I am working through a book that is all about functional javascript. In that book, there is the following bit of code:
const forEachObj = (obj,fn) =>{
for(let prop in obj){
if(obj.hasOwnProperty(prop)){
fn(prop,obj[prop]);
}
}
};
I understand this as going through each property of an object then asking IF that object has that property then running a provided function.
What I don't understand is how the if does anything. Won't it always be true? Isn't it just asking if the prop
it got from obj
is a property of the obj
?
JavaScript is a text-based programming language used both on the client-side and server-side that allows you to make web pages interactive. Where HTML and CSS are languages that give structure and style to web pages, JavaScript gives web pages interactive elements that engage a user.

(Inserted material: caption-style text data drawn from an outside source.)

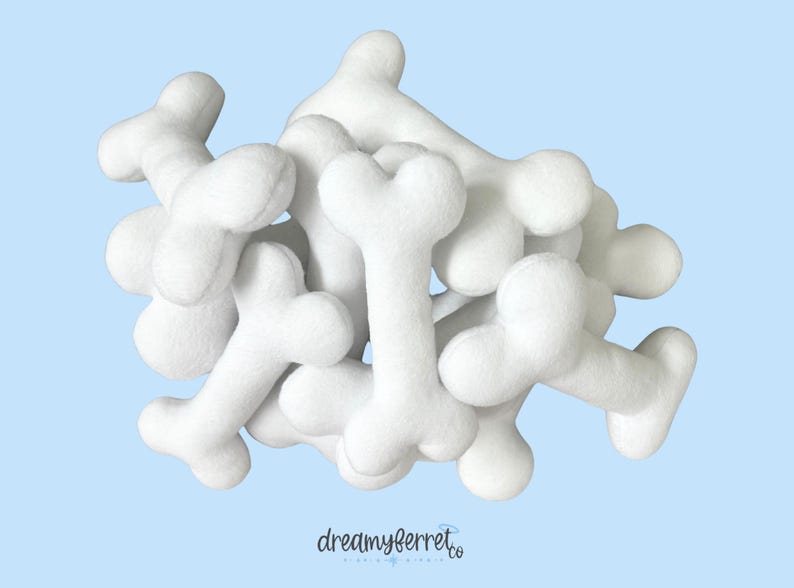 May include: A pile of white, plush bone-shaped toys against a light blue background. The toys are soft and rounded, with a three-lobed shape at each end. The logo "dreamyferret.co" is visible in the bottom right corner.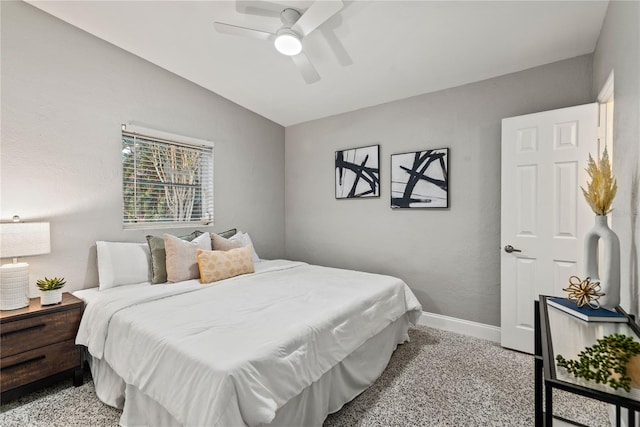 bedroom with ceiling fan, light carpet, and vaulted ceiling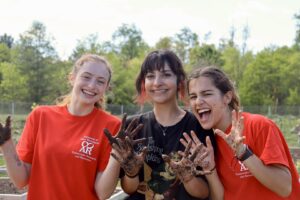 From left to right, UMW students Camille Lamey, Brooke Abrash and Gabriela Valle show off the effects of their participation in a gardening community service project during Engagement Day. Photo by Kaira Otero.
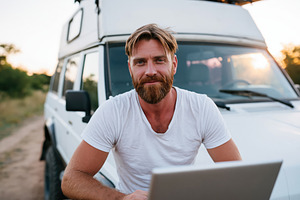 Man with laptop is engaged in remote, a Person Photo by Lermont51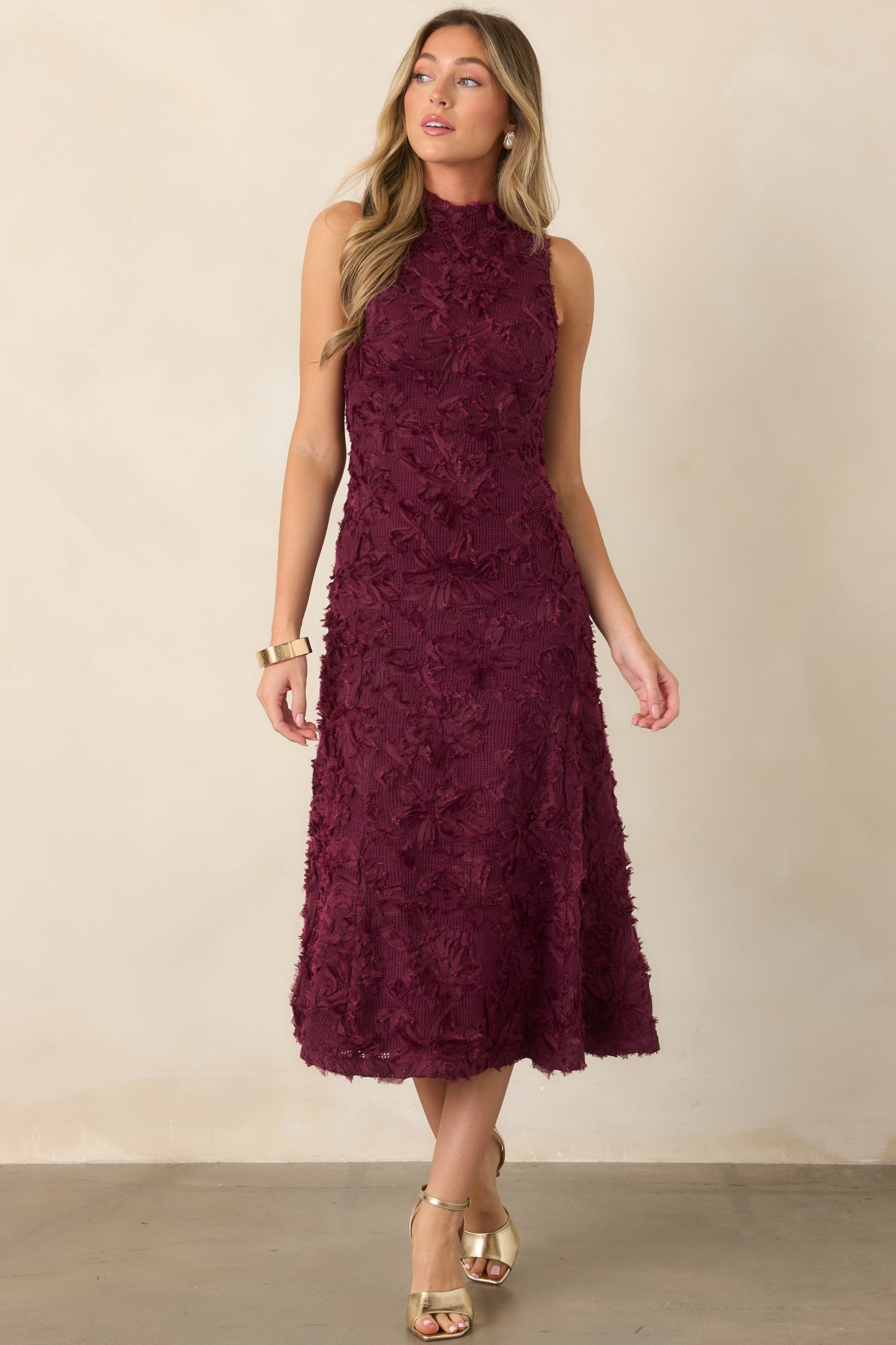 Elegant sleeveless dress with dimensional floral embellishments, a close-fitting bodice, and a fluid flared midi skirt.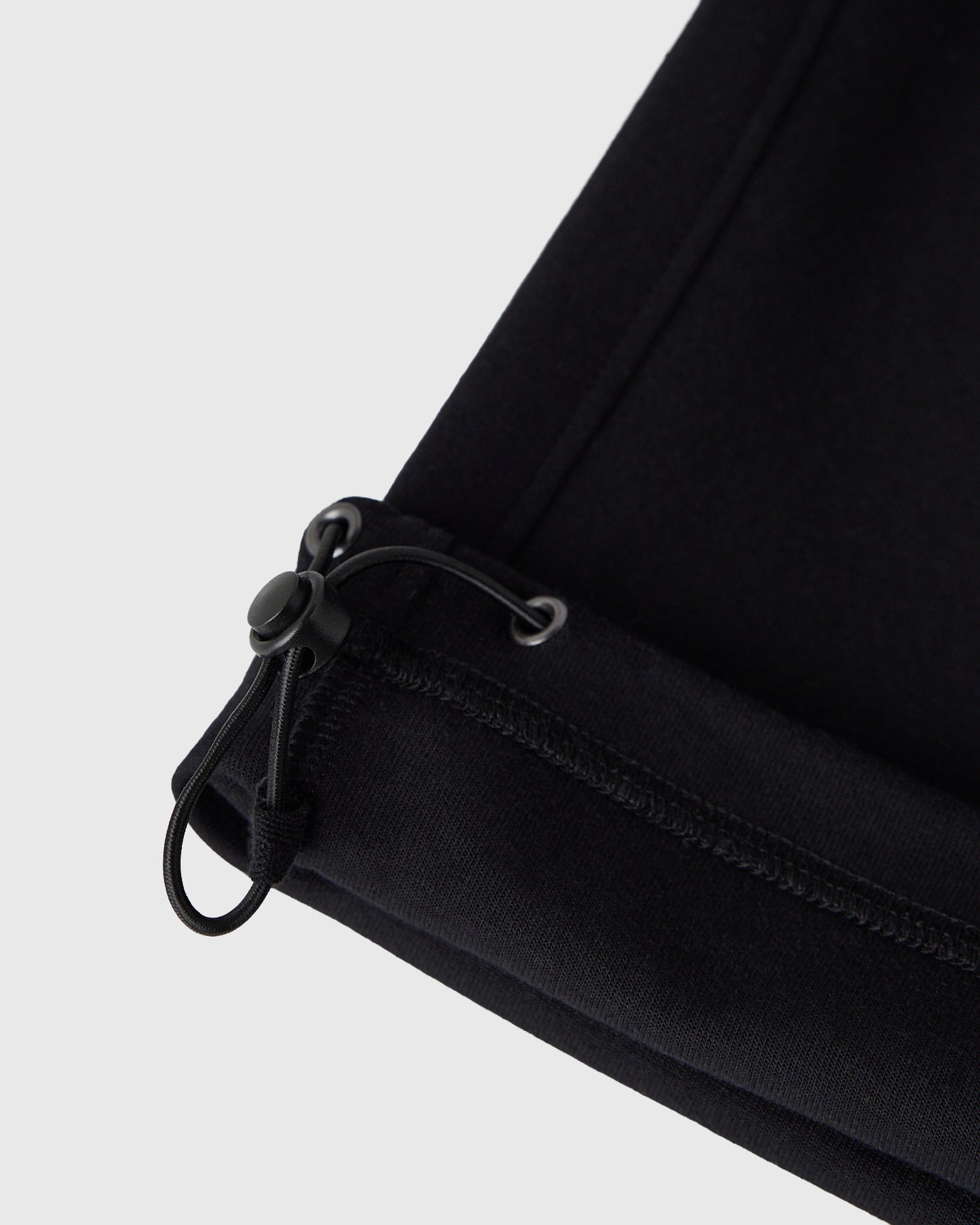 Black sweatpants with drawstring waistband and ribbed cuff detail.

JavaScript is a scripting language that enables you to create dynamically updating content, control multimedia, animate images, and pretty much everything else. (Okay, not everything, but it is amazing what you can achieve with a few lines of JavaScript code.)
Javascript (JS) is a scripting languages, primarily used on the Web. It is used to enhance HTML pages and is commonly found embedded in HTML code. JavaScript is an interpreted language. Thus, it doesn't need to be compiled. JavaScript renders web pages in an interactive and dynamic fashion.
From the MDN
The hasOwnProperty() method returns a boolean indicating whether the object has the specified property as its own property (as opposed to inheriting it).
Lots of properties (toString
, for example) are inherited but likely not something you would want to iterate over when checking keys defined on an object.